GOOD DOCS spoke to Elizabeth A. Castle, a historian, educator, filmmaker and Executive Director of The Warrior Women Oral History Project. Co-directed with Christina D. King, WARRIOR WOMEN is the Peabody Award-nominated story of Madonna Thunder Hawk, a leader of the 1970s American Indian Movement (AIM) who shaped a kindred group of activists' children - including her daughter Marcy - into the "We Will Remember" Survival School as a Native alternative to government-run education. Today, Madonna and Marcy are still at the forefront of Native issues, fighting against the environmental devastation of the Dakota Access Pipeline and for Indigenous cultural values. Interview conducted by Naomi Wainwright.

 

Who are the Warrior Women and what is your film about? 

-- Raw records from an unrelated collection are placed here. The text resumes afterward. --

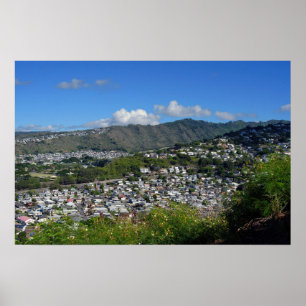 Schilderachtig Uitzicht van een Honolulu Hawaii wi Poster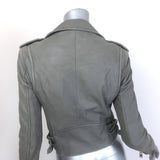 IRO Ashville Leather Motorcycle Jacket Gray Size 34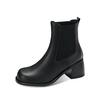 Fashion New Autumn Winter Genuine Leather Women Boots Fashion Round Toe Shoes for Women Short Boots Women High Heel Botas De Mujer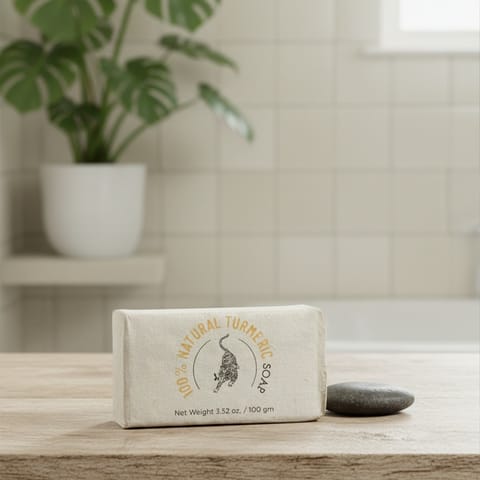 kheoni 100% Natural Turmeric Soap Bar for Men and Women 100 gm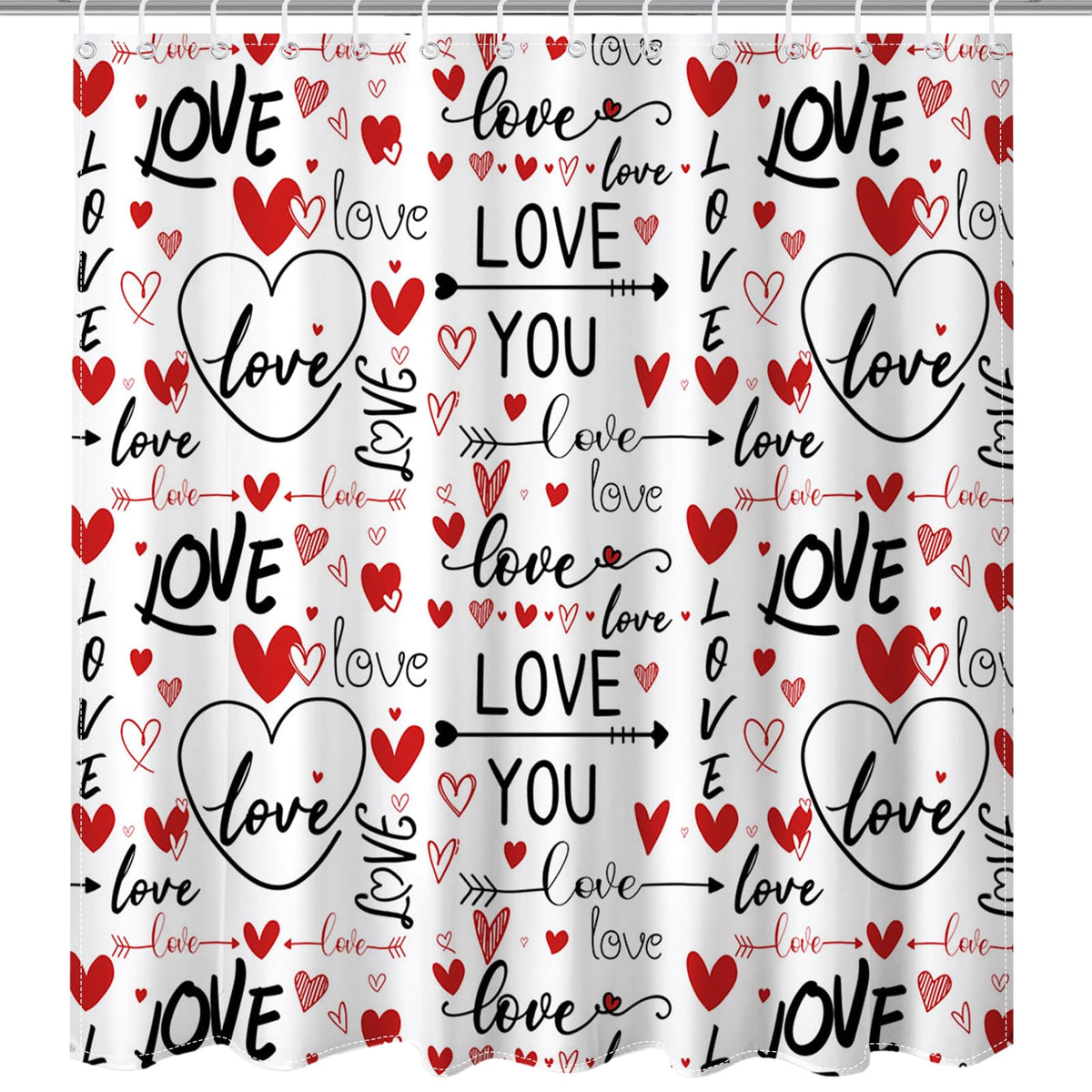 Romantic Valentines Shower Curtain I Love You Words Red Hearts Bath Curtain Romance Couple Valentine, 70.8"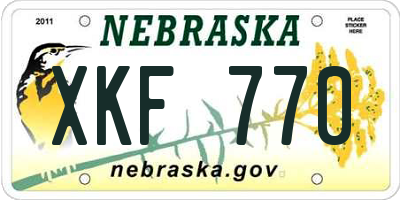 NE license plate XKF770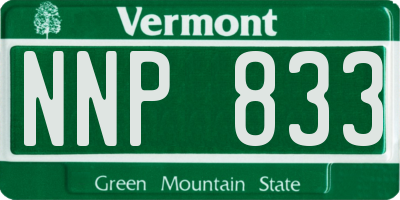VT license plate NNP833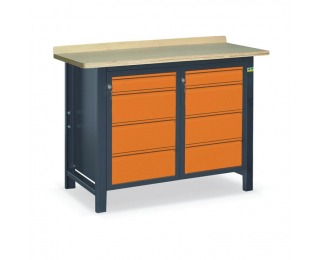 Pracovný stôl SS01L/FF - grafit / oranžová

The film is about a mother and a daughter. They are this powerful vehicle.  Madonna Thunder Hawk, known as the “OGG” - or “Original Gangster Granny,” which she is in every way possible. She's this very powerful, strong, humble figure, as is her daughter Marcy. We tell the story of this mother and daughter, from the early times of Madonna's activism and engagement as a community organizer in the late 60s through the Standing Rock Resistance Movement of 2016 and 2017. They're still as active today, if not more so than they have been throughout their lives.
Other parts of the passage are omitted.